Helen also serves as clinical lead for the National Pregnancy in Diabetes (NPID) audit, which directly informs national healthcare policy, and contributed/contributes to the editorial boards of Diabetic Medicine, Diabetes Care and Diabetologia.
“My research interests, and my approach to understanding mechanisms of human disease through the prism of human genetics, bear the indelible stamp of the IMS-MRL, and particularly my years of mentorship from Steve O’Rahilly, and collaboration with fantastic collaborators such as David Savage and Ken Siddle. I will also be forever indebted to the wonderful groups of postdocs and PhD students who passed through my lab in my MRL years. It is a pleasure still to maintain collaborations with such MRL scientists as work begun in the MRL continues now further North!“
Current Position
Professor of Translational Molecular Medicine at the University of Edinburgh, and Dean of Postgraduate Research for the College of Medicine and Veterinary Medicine.
Biography
Robert Semple trained in Biochemistry and then Medicine in Cambridge, with clinical postgraduate training in London and Cambridge. He undertook a PhD in the laboratory of Professor Sir Stephen O’Rahilly before the existence of the IMS, which he moved into as a Wellcome Intermediate Clinical Fellow. He was also a fellow of Clare College from 2007-2017 and Director of the Cambridge MB PhD programme from 2013-2017.

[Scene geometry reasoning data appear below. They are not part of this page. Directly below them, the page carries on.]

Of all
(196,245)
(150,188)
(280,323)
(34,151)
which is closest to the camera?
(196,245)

Over the past 25 years his clinical and research interests have centred on acquired and monogenic disorders of insulin and PI 3-kinase signalling, growth and lipodystrophy. He aims to use rare human conditions to improve understanding of the cell and molecular basis of pandemic “insulin resistance”, and of the mechanisms linking it to major disease, and on translating research findings into clinical benefits for patients. A key focus is on using human genetics to gain insights into determinants of adipose resilience across the lifespan.